Sometimes there is no clear resolution to a situation that presents itself in a dream, and that’s okay. But that is where the active imagination and dream exploration can assist with getting more clear about the types of questions and information you may be holding currently. Or something to think about from the past or future.
When I was in the dream group, we talked about people having a couple different types of dreams. Some were less intense and meaningful and seemed to be more about “day residue” or working out something that was left over from their day to day life. Other times, people have what are referred to as “Big Dreams”.

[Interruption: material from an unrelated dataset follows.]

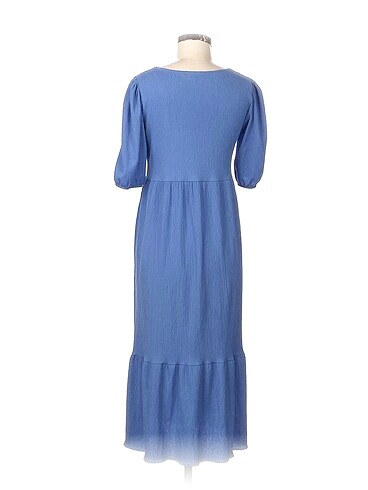 l Beden Vintage Love Uzun Elbise %70 İndirimli.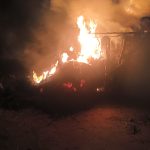 Late evening lightning wreaks havoc: A massive fire breaks out in a scaffolding in Gomia, causing huge losses to farmers.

According to Jungian psychology, the contents of these dreams are representative of some type of universal archetype or myth. Some types of archetypes include: the “orphan”, the “lover”, the “hero”, etc.. These dreams can be representative of what Jung calls the “collective unconscious”. The collective unconscious, according to the dictionary definition is the part of the unconscious mind that is derived from ancestral memory and experience and is common to all humankind, as distinct from the individual’s unconscious. The themes have universal associations; for example, the idea of “home”, “marriage”, a “quest”, “good vs. evil”, “birth and death”, etc.. According the Jung, “The unconscious mind uses symbols, metaphors, and archetypes to convey meaning.”
Robert Bosnak: “When you pay attention to your dreams, you inhabit a much larger part of your soul.”
What are your dreams communicating to you?